### Dataset excerpts

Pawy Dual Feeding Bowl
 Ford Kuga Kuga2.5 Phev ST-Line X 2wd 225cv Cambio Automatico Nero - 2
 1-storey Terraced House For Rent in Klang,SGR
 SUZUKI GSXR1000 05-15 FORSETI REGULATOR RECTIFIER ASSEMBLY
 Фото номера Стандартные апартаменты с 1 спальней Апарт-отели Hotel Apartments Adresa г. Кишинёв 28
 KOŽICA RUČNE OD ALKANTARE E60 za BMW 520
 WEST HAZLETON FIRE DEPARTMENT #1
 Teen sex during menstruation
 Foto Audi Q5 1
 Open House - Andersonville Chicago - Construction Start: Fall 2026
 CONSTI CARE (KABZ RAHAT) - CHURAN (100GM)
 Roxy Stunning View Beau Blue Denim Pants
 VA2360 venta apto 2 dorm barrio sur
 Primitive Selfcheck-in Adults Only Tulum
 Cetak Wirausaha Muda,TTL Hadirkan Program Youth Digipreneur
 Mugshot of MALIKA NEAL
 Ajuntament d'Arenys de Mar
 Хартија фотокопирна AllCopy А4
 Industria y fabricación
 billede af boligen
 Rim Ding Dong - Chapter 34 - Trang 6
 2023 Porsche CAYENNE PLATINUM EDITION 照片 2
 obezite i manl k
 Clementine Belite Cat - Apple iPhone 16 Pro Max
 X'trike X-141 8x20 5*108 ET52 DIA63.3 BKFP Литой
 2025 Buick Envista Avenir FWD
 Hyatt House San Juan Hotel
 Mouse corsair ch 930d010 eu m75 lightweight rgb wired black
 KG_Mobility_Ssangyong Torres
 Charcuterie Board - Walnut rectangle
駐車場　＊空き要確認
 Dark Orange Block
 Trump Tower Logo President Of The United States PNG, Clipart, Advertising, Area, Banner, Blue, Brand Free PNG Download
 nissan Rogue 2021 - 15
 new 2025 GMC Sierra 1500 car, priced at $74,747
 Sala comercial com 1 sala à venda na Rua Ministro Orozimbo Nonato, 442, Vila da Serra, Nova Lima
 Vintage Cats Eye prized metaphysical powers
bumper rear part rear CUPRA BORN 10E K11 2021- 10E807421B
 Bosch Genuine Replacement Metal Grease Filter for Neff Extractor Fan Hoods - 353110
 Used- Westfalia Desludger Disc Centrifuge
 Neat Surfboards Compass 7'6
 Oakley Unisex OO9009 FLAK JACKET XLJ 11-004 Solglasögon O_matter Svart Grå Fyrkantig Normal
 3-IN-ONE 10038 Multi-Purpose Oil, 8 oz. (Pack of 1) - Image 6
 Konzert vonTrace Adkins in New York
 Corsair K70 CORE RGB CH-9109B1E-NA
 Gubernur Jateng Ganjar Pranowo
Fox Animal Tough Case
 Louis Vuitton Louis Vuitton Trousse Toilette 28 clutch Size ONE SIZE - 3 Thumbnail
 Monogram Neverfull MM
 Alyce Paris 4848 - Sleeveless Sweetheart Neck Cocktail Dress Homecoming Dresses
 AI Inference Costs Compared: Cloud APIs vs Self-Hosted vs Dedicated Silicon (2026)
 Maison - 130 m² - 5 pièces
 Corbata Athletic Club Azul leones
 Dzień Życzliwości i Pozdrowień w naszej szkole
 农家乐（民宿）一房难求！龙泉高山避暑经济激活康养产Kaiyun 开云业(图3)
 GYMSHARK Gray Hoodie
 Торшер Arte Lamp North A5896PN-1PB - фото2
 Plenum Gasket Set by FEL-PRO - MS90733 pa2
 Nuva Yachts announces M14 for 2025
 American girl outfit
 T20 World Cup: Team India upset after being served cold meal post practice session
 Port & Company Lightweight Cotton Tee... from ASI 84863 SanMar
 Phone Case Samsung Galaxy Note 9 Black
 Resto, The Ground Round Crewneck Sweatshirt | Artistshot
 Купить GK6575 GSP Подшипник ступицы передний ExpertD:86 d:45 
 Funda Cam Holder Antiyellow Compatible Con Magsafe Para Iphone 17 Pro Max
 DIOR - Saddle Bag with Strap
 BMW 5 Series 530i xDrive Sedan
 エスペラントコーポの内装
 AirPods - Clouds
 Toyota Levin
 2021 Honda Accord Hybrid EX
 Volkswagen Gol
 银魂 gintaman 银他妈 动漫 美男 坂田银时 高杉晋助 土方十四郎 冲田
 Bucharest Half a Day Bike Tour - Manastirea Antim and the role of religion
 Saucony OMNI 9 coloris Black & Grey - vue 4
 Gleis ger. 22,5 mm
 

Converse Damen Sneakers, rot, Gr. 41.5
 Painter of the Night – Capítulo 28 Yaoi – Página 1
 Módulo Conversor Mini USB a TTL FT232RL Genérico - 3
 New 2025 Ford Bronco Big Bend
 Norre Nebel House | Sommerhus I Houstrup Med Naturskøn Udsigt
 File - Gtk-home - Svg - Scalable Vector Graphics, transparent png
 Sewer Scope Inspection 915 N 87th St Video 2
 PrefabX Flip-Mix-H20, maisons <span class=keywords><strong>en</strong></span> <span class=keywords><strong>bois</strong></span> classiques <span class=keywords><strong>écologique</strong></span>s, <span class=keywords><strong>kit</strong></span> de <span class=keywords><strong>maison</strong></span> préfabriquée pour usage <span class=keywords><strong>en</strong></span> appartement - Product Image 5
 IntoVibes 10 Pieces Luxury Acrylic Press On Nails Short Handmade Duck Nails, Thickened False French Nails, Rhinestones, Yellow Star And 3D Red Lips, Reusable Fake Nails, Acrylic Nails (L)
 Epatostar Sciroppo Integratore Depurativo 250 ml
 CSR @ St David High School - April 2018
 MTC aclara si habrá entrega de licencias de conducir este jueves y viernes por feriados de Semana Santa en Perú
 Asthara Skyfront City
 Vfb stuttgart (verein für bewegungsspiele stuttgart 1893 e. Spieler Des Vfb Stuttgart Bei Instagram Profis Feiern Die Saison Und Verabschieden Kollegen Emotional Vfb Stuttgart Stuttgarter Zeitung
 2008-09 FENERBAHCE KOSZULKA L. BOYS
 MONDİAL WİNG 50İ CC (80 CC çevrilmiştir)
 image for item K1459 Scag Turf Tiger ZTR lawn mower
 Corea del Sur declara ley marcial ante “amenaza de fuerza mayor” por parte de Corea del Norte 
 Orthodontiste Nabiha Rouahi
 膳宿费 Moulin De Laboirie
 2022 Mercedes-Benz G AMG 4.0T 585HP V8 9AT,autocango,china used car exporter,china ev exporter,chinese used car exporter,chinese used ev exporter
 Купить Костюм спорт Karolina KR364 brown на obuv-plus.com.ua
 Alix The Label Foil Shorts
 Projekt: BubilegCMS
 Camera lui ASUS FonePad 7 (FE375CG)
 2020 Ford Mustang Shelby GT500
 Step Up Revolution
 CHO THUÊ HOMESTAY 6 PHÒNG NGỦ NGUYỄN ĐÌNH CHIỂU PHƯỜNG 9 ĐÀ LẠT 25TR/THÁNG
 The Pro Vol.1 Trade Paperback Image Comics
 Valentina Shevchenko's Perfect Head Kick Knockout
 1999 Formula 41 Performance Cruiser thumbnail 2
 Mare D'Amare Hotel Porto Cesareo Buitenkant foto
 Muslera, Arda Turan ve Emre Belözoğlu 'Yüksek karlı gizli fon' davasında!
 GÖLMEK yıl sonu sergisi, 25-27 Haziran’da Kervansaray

######

> _Exercise instructions_: Above are the records; from them, give again exactly the lines from the one containing "Port & Company" to the one containing "Funda Cam Holder", both lines included, and nothing more.

> _Final answer_:
 Port & Company Lightweight Cotton Tee... from ASI 84863 SanMar
 Phone Case Samsung Galaxy Note 9 Black
 Resto, The Ground Round Crewneck Sweatshirt | Artistshot
 Купить GK6575 GSP Подшипник ступицы передний ExpertD:86 d:45 
 Funda Cam Holder Antiyellow Compatible Con Magsafe Para Iphone 17 Pro Max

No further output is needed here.